Referring back to FIG. 4, the CPU 111 includes a speech acquiring element 151 for acquiring input speech, a voiceprint verifying element 152 for verifying the received speech, a speech recognizing element 153 for recognizing the received speech to output text data, a data acquiring element 154 for acquiring data to be sent, an operation processing element 156 for executing an operation in response to a received control command, and a data transmitting element 155 for sending the data to a designated destination.
The speech acquiring element 151 acquires speech data output from the microphone 25A. When the user puts the handset 25 off the hook and uses the microphone 25A to enter his/her speech, the microphone 25A converts the input speech into speech data of electric signals and outputs the speech data to the CPU 111. The speech acquiring element 151 also acquires the speech data from the communication control element 28. When the calling from the telephone 3 or the cellular phone 4 is detected and the call is established, the communication control element 28 receives the speech data sent from the telephone 3 or the cellular phone 4, and outputs the speech data to the CPU 111. The speech acquiring element 151 acquires the speech data from either the microphone 25A or the communication control element 28, and outputs the speech data to the voiceprint verifying element 152 and the speech recognizing element 153.
The voiceprint verifying element 152 verifies the voiceprint of the speech data using the voiceprint data 113A stored in the HDD 113, and outputs a verification result to the operation processing element 156. When the verification succeeds, the voiceprint verifying element 152 outputs the user identification information of the authenticated user to the operation processing element 156. If the HDD 113 stores multiple pieces of voiceprint data 113A, the voiceprint verifying element 152 verifies the speech data from the speech acquiring element 151 using every piece of the multiple pieces of voiceprint data 113A stored in the HDD 113. Subsequently, the voiceprint verifying element 152 outputs the verified voiceprint and the user identification information associated with the verified voiceprint by the voiceprint data 113A to the operation processing element 156.
The speech recognizing element 153 recognizes the speech data to generate text data, and outputs the generated text data to the operation processing element 156. In the present embodiment, it is assumed that the user enters his/her voice into the microphone 25A by reading out a file name. Therefore, when the speech data is entered to the speech acquiring element 151 via the microphone 25A, the text data output from the speech recognizing element 153 includes the file name. It is also assumed in the present embodiment that the user enters his/her voice from the telephone 3 by reading out the name of the destination to designate the destination of data and the name of the file to identify the data to be output. Therefore, when the speech data is entered to the speech acquiring element 151 from the communication control element 28, the text data output from the speech recognizing element 153 includes both the name of the destination and the name of the file. The name of the destination is the destination identification information for designating the destination.
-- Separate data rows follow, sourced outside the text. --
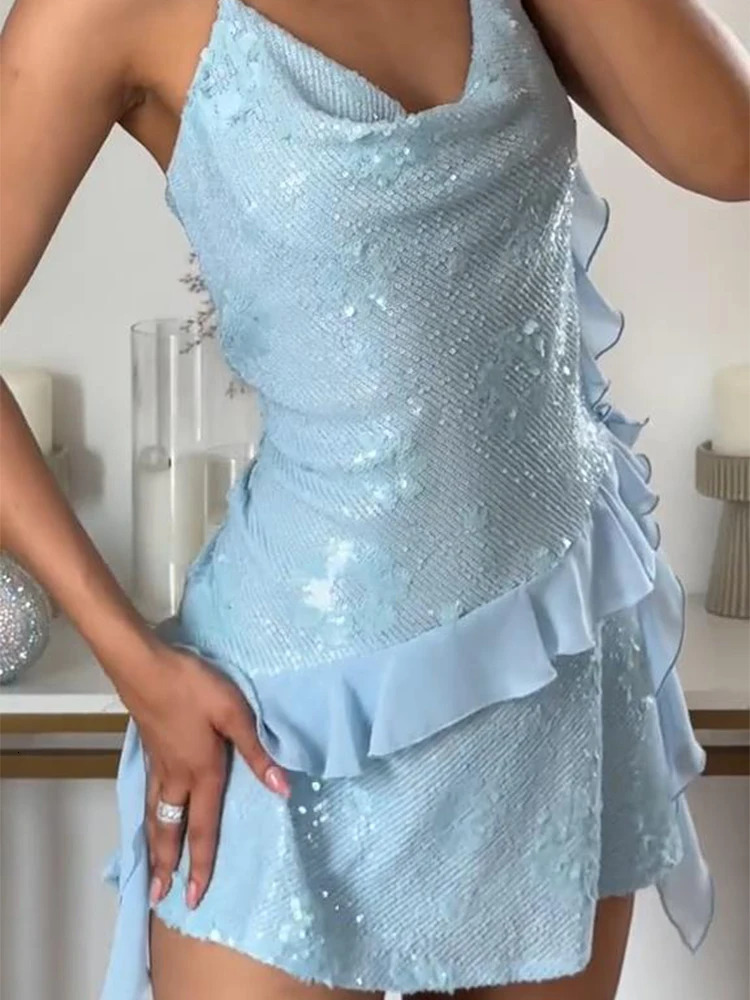 Sexy Sequined Ruffles Short Dress Women Fashion Sleeveless Backless Party Club Banquet Dresses Female Summer Lady Y2K Dresses 250704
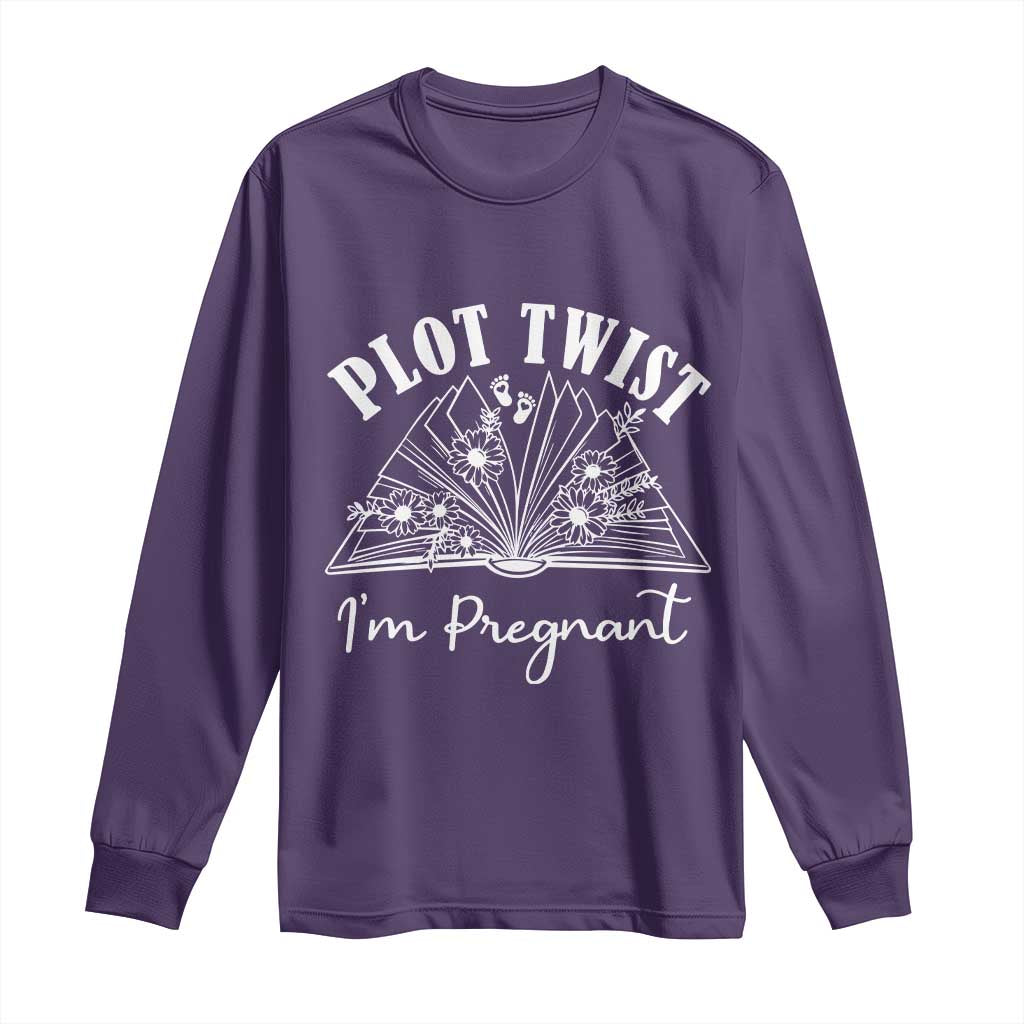 Pregnancy Announcement For Book Lovers Long Sleeve Shirt Plot Twist I Am Pregnant TS12 Purple Print Your Wear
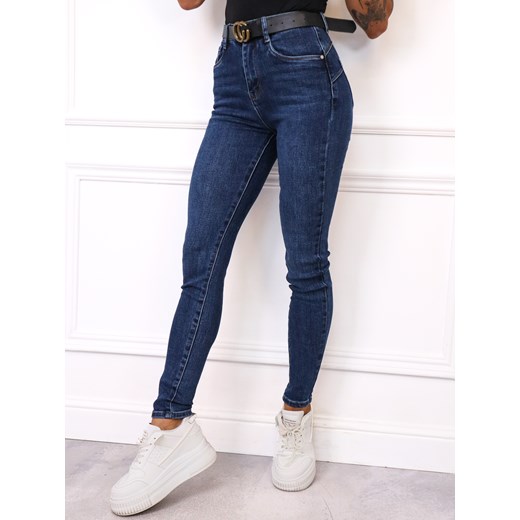 SPODNIE JEANSOWE SKINNY PUSH UP+ PASEK - GRANATOWE Olika L olika.com.pl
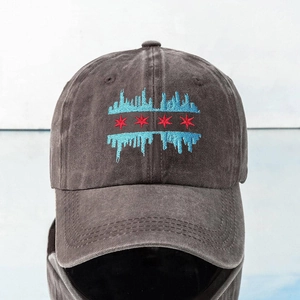 Washed dark grey baseball cap with embroidered Chicago skyline and red stars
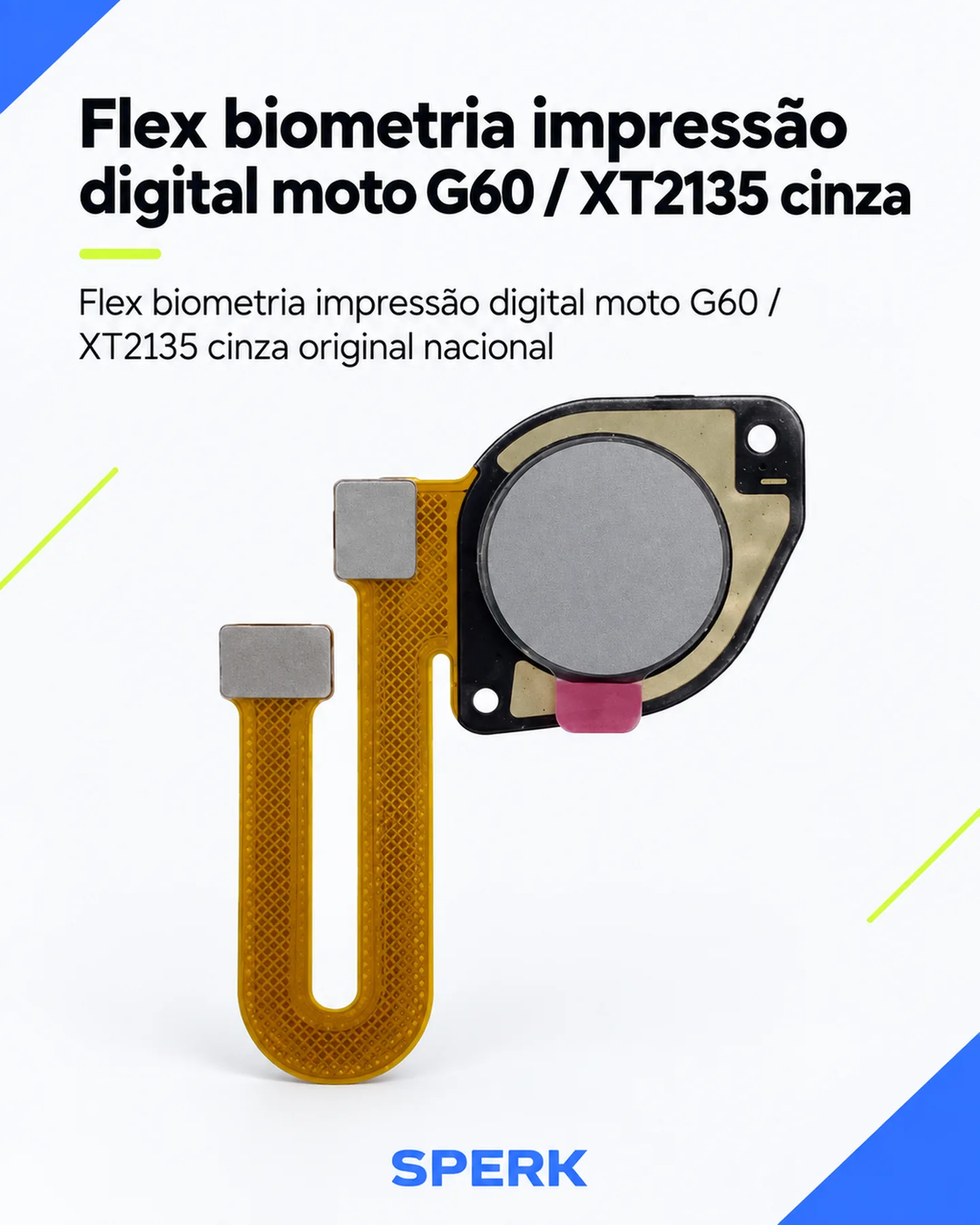 Flex biometria impressão digital moto G60 / XT2135 cinza — painel 1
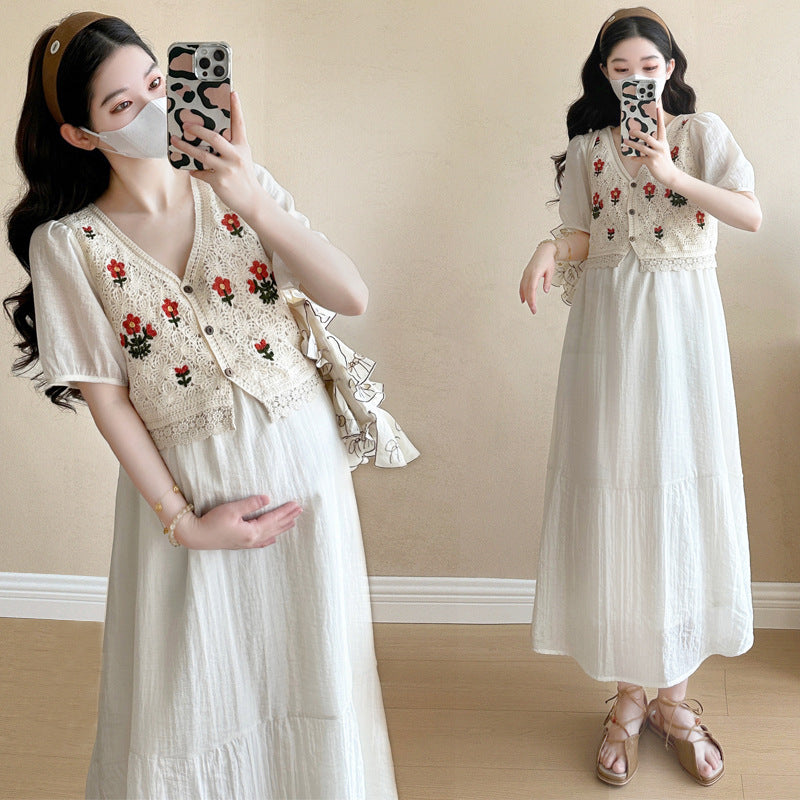 Fashionable Crochet Vest-Look Fake Two-Piece Maternity Dress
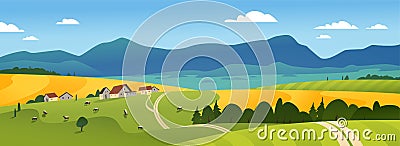 Vector flat landscape illustration of summer countryside nature view: sky, mountains, cozy village houses, cows, fields and meadow Vector Illustration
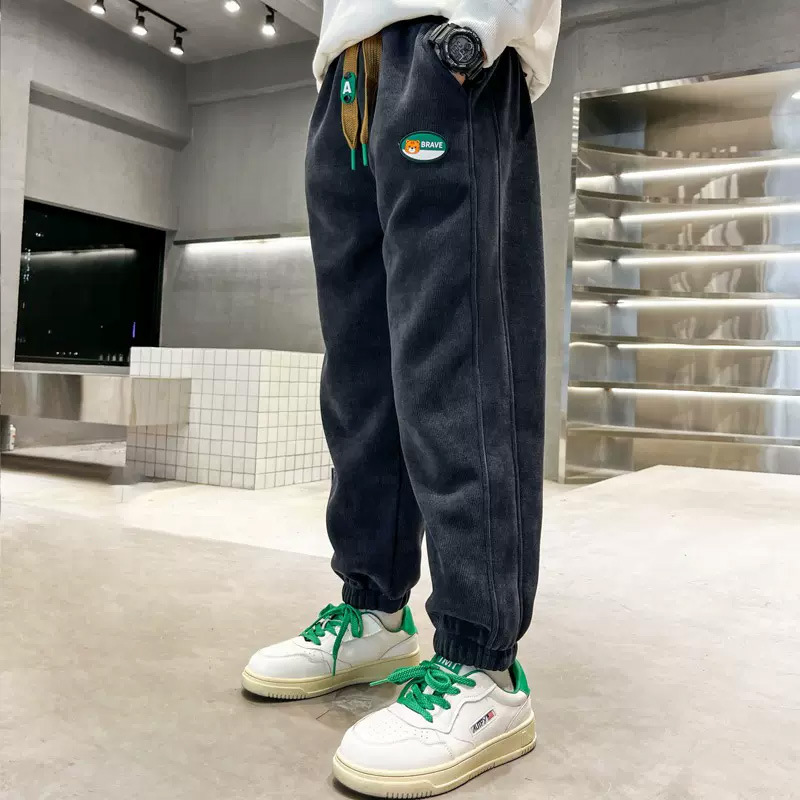 Boys' Autumn Corduroy Jogger Pants Medium And Large Children's Casual Sweatpants New Style Sports Long Trousers_voghion.com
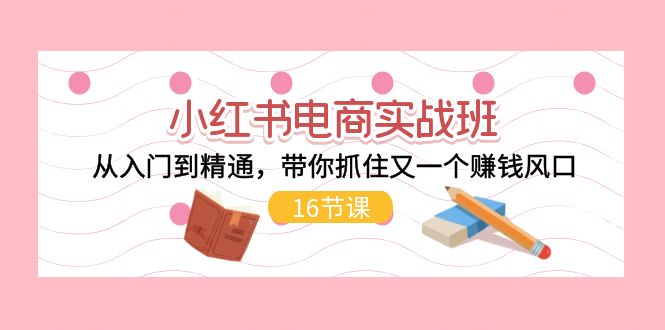 小红书电商实战班，从入门到精通，带你抓住又一个赚钱风口（16节）网赚项目-副业赚钱-互联网创业-资源整合八方网创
The data acquiring element 154 receives image data from the image reader element 22 and provides the image data to the operation processing element 156.
When a control command is received, the operation processing element 156 executes an operation in response to the control command. The operation processing element 156 includes a writing element 161 and an output element 162. When the speech data is input to the speech acquiring element 151 via the microphone 25A, such as when the off-the-hook state of the handset 25 is detected, the operation processing element 156 receives the control command to execute the data writing process and enables the writing element 161. The writing element 161 receives the text data including the file name from the speech recognizing element 153, the image data from the data acquiring element 154, and the user identification information from the voiceprint verifying element 152. In response to the control command, the writing element 161 adds the file name to the image data and stores it in the HDD 113, and generates the user data that associates the file name with the user identification information and stores the user data in the HDD 113. As a result, the data 113 B that is the image data labeled with the file name, and the user data 113C are stored in the HDD 113.
In the meantime, when the speech data is entered to the speech acquiring element 151 from the communication control element 28, the operation processing element 156 receives the control command to execute the data output process and enables the output element 162. The output element 162 receives the text data including the file name and the destination name from the speech recognizing element 153, and the user identification information from the voiceprint verifying element 152. The output element 162 reads the data 113B including the file name from the HDD 113, and also reads the destination data 113D including the destination name from the HDD 113. Subsequently, the output element 162 outputs the data 113B including the file name, to the destination designated in the destination information, by the output method associated with the destination name in the destination data 113D. In addition to the image data written in the HDD 113 by the writing element 161, the data 113B may include other data stored in the HDD 113, such as data received from the PC 6, the mail server 8 and the FAX 7 via facsimile transmission.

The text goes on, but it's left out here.